He also suggested that I try working BIG. I have made some pieces that are larger than others, but I have not really been as happy with them as the smaller images, and I hadn’t thought of using tracing paper really large-scale, because I’d been obsessing about using it wet, and is very difficult to manage wet when it’s large. But of course, I have loved working with the soft pastel images…

So I have begun a new piece. I bought a 1016mm wide 20m roll of 112g tracing paper, and a 120cmsq 9mm marine ply board, then set myself up with two tables and some G clamps, together with some protective decorators kit. I hope to keep it on a roll of paper somehow, as if it is its own screen, so it needs very clean edges:

I decide to re-work one piece that came out well in soft pastel on a small scale. It has a strong composition, in that it has a bold sweeping line through it that seems very powerful, and lovely rich colours, if I get them right.
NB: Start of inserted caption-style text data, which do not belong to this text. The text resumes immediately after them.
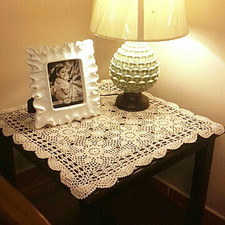 Cotton Handmade Crochet lace Table Runners Square Tablecloth Doilies Doily Table
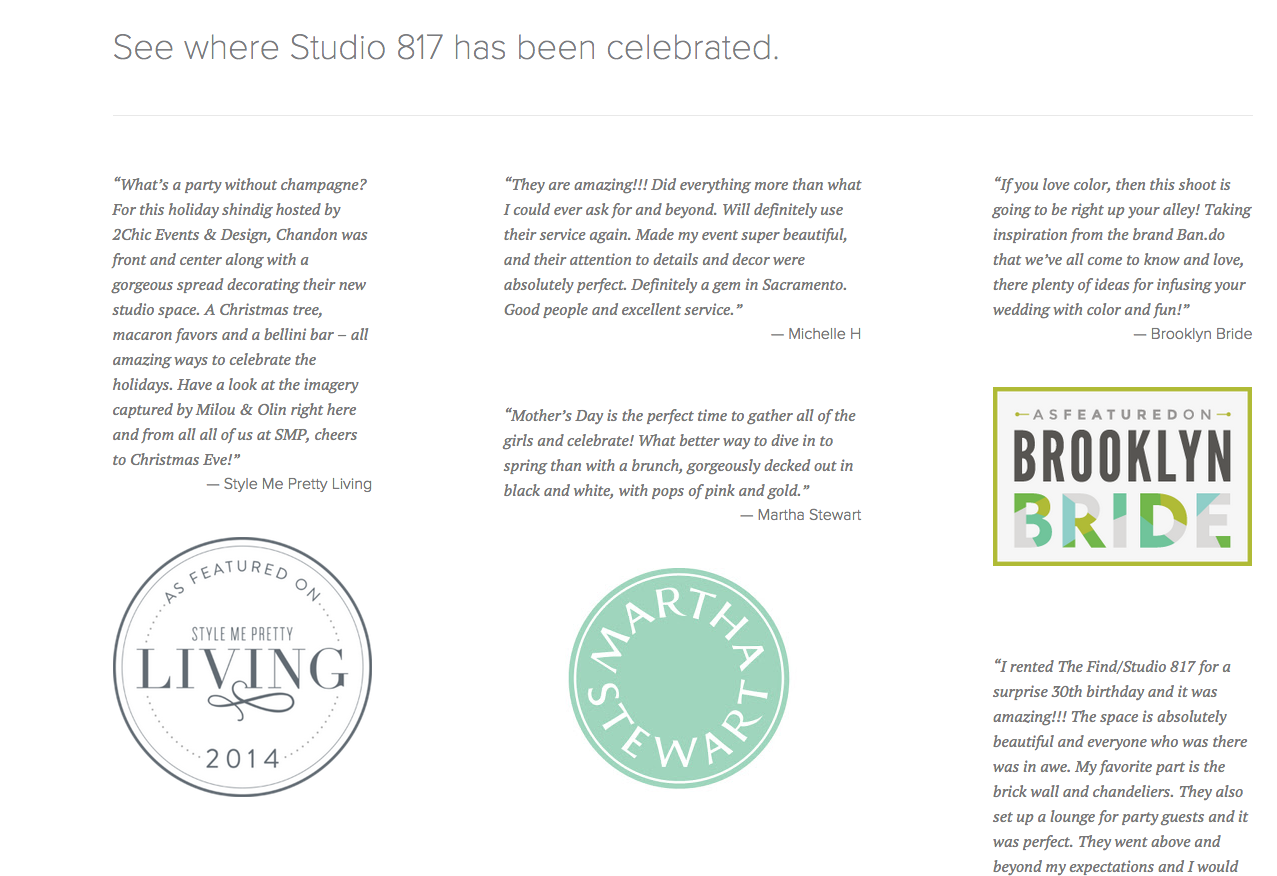 Wedding Venue Website Design by Heather Sharpe of The Editor's Touch | Studio 817 in Sacramento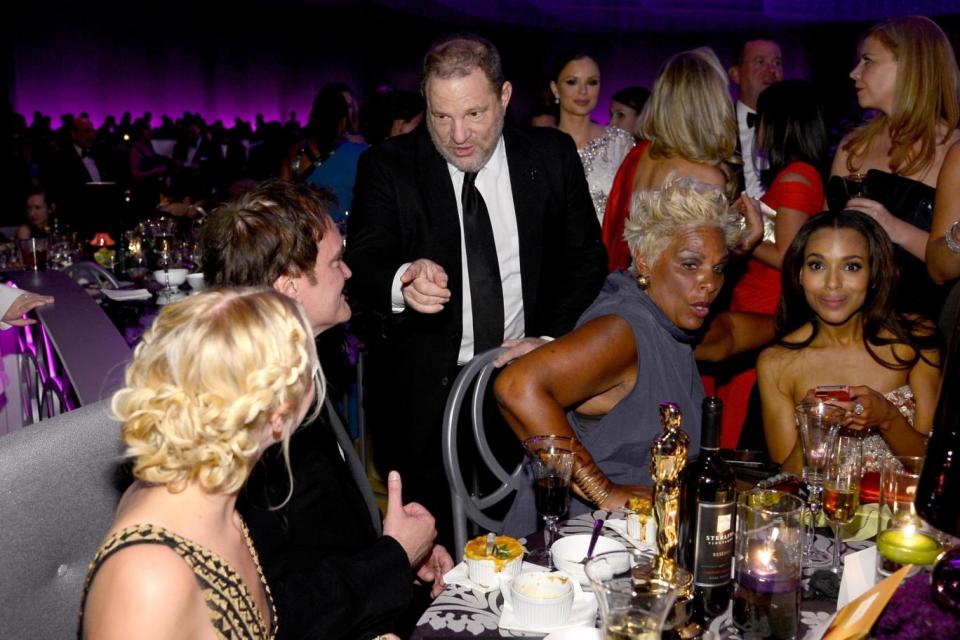 Director Quentin Tarantino and Producer Harvey Weinstein attend the Oscars Governors Ball at Hollywood in 2013. (Getty Images)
Several days in, it is starting to come together. I’m spraying it with fixer regularly, in the hope of building up really deep areas of pigment. I’ve also begun experimenting by blending with paper stumps, in case grease from my hands is binding pigment and making each surface smoother, which will make it harder for future layers to fix.

Although I’m really enjoying the challenge of making this new piece, it has occurred to me that working smaller might be interesting too, and of course present other options for displaying my collection of pieces. I could just try to paint or draw the images much smaller, but I recently went into a shop and noticed it was selling individual till rolls, and decided to try printing onto them and make my own ‘film roll’ models. This took some fiddling about on my macbook which eventually crashed in misery, but I did manage to reverse print a selection of my recent pieces just before my technology gave up, and here’s my first attempt:

Tiny print issues:

* I’ve since researched what “thermal” means, and now realise this paper will change colour if heat or pressure are applied to it, which makes this trial unnecessarily difficult to manage, so I’ve sourced a non-thermal roll for future attempts. It looks like more fragile paper too, which will be more attractive.

* I have to act quick to make each print because it has to line up and the paper I’m printing onto wants to curl up. So I can only do this one image at a time. Hence it is even harder to line up images, and keep them still while I press them out.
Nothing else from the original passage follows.